Weight loss can be a common goal at this time of year in the hotter months. It’s important to be savvy with your food choices to make sure your diet is efficient and serving its purpose. Breakfast is an obvious place for the day’s healthy eating to begin but not all breakfast foods are created equal. Particularly confusing is when meals one think are good for weight loss actually might not be at all.

One such food that Britons on a weight loss diet should steer clear of is a breakfast of low-fat yoghurt and fruit.

This could come as a surprise as it would seem to be a very healthy meal indeed.

However, experts have said that a breakfast of low fat and yoghurt and fruit will not satiate - which means you are likelier to snack later or eat more.

Adam Kelinson, a professional chef, endurance athlete, and author of The Athlete’s Plate, told Men’s Health: “On the surface, it seems like this is a good way to start the day, and it’s definitely better than a lot of other options.”

The problem, though, is that the breakfast is crammed with simple sugars which the human body will quickly burn through.

What’s more, the lack of fat in the low-fat yoghurt will leave you feeling hungry.

It’s much better to ensure you’re getting plenty of protein in your breakfast.

For instance, a protein-filled Greek yoghurt would be a much better option.

Consider teaming it with a serving of whole grain cereal or granola. This way you’re getting fibre, protein and healthy fat, setting you up well for the day.

According to registered nutritionist Clarissa Lenherr, you should look for yoghurts that contain 4-6g of sugar per 100g serving. This is roughly the amount of natural sugars that are present in dairy products.

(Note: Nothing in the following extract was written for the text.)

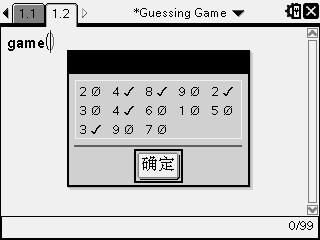 Screen005.jpg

She told The Telegraph: "The best option is to choose plain, unsweetened, whole fat yoghurt and top with fresh fruit.”

Another surprising breakfast food which is unhelpful for weight loss is margarine - often spread onto toast. 

Some margarine contains trans fats - the least healthy fat of all. “Trans fat, like saturated fat, increases blood cholesterol levels and the risk of heart disease,” said the Mayo Clinic.

“In addition, trans fat lowers high-density lipoprotein (HDL), or ‘good,’ cholesterol levels. So skip the stick and opt for soft or liquid margarine instead.”

If you do want to still include margarine in your meal, be sure to opt for a spread that doesn’t have trans fats and has the least amount of saturated fat, recommends the Mayo Clinic.

As for toast, most bread contains refined flour which provides minimal nutrients and fibre, reported Healthline.

This means the high refined carbohydrates and low fibre levels can result in blood sugar levels spiking.

In turn, this could result in “rebound hunger,” said Heathline, which can see dieters eating more at their next meal.